I have had an early Christmas present: a Panasonic Lumix DMC-LX3 – a premium compact camera. It has been hard to find a compact camera to replace an elderly knackered model that is good enough to carry anytime when it is not convenient to have my Nikon D300 DSLR with me (which generally means when working, out shopping, walking the dogs, etc).
The trouble with being a keen photographer today is that, unlike in the old days of film (where small and cheap could still produce very very good results), there are hundreds of different models of compact camera covering every price point and it is hard to work through the noise to find what is actually good from a photographers point of view. Most compacts are designed to be quick and easy to use and, except for the cheapest of models, stylish.
Most compacts are designed to work in typical social situations with minimal user intervention. In short, most stuff is automated with the user (note I am saying user deliberately rather than photographer) having to do little more than choose a scene mode and perhaps pop-up a flash. Many even pop up the flash automatically and figure out what kind of scene is in view (picking out faces at a party for example).

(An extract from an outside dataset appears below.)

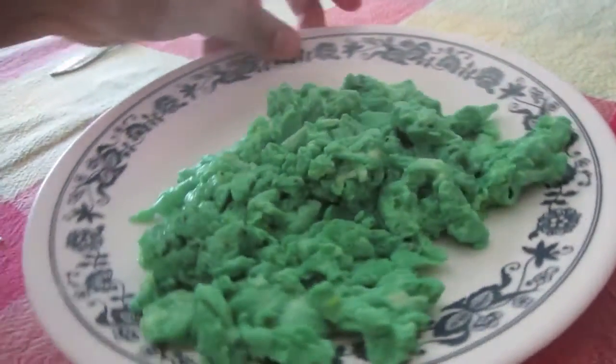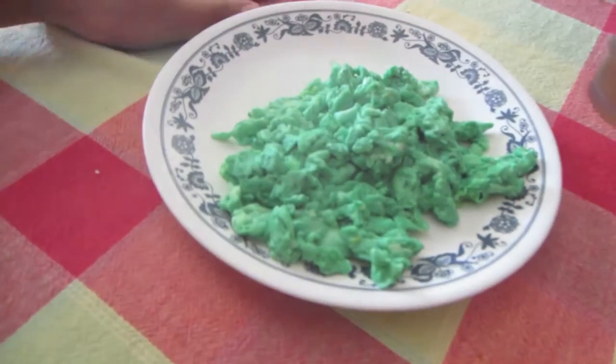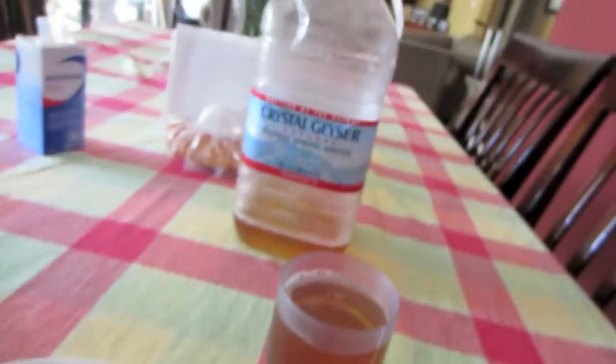Uh-oh. We're fogging up. And there we go — they're my green eggs. It's a little weird because they look a little disgusting, honestly. But I'm sure they're going to be great. I'm going to have this really quick and then I have to get ready and head out to work. See you guys in a bit.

A photographer may well want to just point-and-shoot at times (hopefully with a little more awareness of composition than the average punter). The rest of the time though, the photographer wants control: exposure settings, focus, lighting. Some compacts let you vary exposure a little using compensation features, but lack a true manual mode.
The LX3 has full manual control, manual focusing if required, and a hot-shoe for a more powerful flash if the built in model is not good enough. It also offers a RAW model (i.e. you can save original sensor data rather than having the camera generate JPEG files based on a wide range of settings).
I managed to charge the battery a little for a quick play, but have now got to wait until the battery if fully charged to get to know the device properly. In the meantime, I can read the manual (which I am downloading in the background) – there is (unusually) a full and detailed printer manual supplier with camera BUT the text is a little small for me hence downloading a copy of the manual which I can read backlit on the screen at any magnification I want to use.